My children marry in varying degrees of haste and so far show no signs of wanting to repent now that they have leisure. This means that weddings--which seem to be the family's only sacrament--are not huge state occasions. So I don't invite the known world. For me that would involve gathering together the literary community in New Orleans, which would feel like stepping into a Bosch tryptich.
Yesterday a friend married off her daughter. The wedding was a pluperfect affair, and because she is beloved among book people and others of the word, all my friends and ex-friends were there. It was my ultimate nightmare, several shades blacker than going back to high school. I moved through a minefield, skittering quickly over to the table where the T's were seated with W because C had gone out for a cigarette.
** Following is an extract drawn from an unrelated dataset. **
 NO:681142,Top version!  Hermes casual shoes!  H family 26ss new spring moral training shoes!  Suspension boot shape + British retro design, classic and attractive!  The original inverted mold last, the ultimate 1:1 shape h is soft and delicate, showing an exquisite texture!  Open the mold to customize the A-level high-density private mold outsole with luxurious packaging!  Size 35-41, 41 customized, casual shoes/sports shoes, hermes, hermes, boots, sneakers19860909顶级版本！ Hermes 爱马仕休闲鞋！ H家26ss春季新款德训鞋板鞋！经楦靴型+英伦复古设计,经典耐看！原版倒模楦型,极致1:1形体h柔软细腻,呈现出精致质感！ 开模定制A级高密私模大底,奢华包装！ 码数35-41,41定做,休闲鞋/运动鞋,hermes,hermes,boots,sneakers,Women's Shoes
C had written me off cruelly and unnecessarily. I had fantasies that C would take this blissful occasion to come over, put his hand on my shoulder, apologize, pick up where we left off three years ago. It didn't happen. On the other hand, M also was there. She wrote me off for no good reason, and I hated her for it. I assumed it was because I kept selling novels, and she couldn't. She won a short-story prize, and everyone in town surmised that she won because the person behind the prize also had redecorated M's kitchen. Losing her friendship was fine with me. Except that she always seemed to sail her big old body right through literary gatherings, leaving a wake that my 110 pounds would drown in. I stayed home from any party I thought she might attend. And that often included launches for anthologies in which we both had stories. At the wedding, she had seated herself at a table, the better to feed her great appetites, also the better to visit with my friend L. I spent a lot of time with some very splendid people last night, but I went home feeling like I was thirteen and needing my mother to tell me that I should focus on the good friends, not the bad. Oh, wait, my mother never did that, or I wouldn't have this problem now.
I suppose my spirits somewhat can be buoyed by another incident this past week. It didn't start out as a good thing: on Wednesday R died at the age of 78. She was an English PhD whose mind deteriorated to taking pleasure in the Food Channel. For some strange reason, the minute I heard, I picked up the phone and phoned S. I hadn't talked to S in over four years; something about something I'd done wrong. A hurricane and a lot more had intervened. S probably has more literary chops than everyone in that entire wedding reception put together. She and I picked right up where we left off. She is a class act. After I hung up, I remembered the finest moment I ever had with her. It was an evening many years ago when she and the man I call C and I went out to dinner. Afterwards we went back to her house for several rounds of drinks. Deep into his cups, C said, "S, what do you look for in a friend?" S thought it over for a moment. "I suppose I look for someone who can take fun where he or she finds it," S said. And then she told the story of how she and a friend found themselves stuck in Scotland one evening after missing the last train to London. So they just got drunk and hung around until the first morning train, having a hell of a good time. C then asked me what I looked for in a friend. "Cynicism," I said. Of course C wanted us to ask him what he looked for, and S obliged. "I look for devotion and loyalty," he said.
"Ah," S said. "You meant something personal."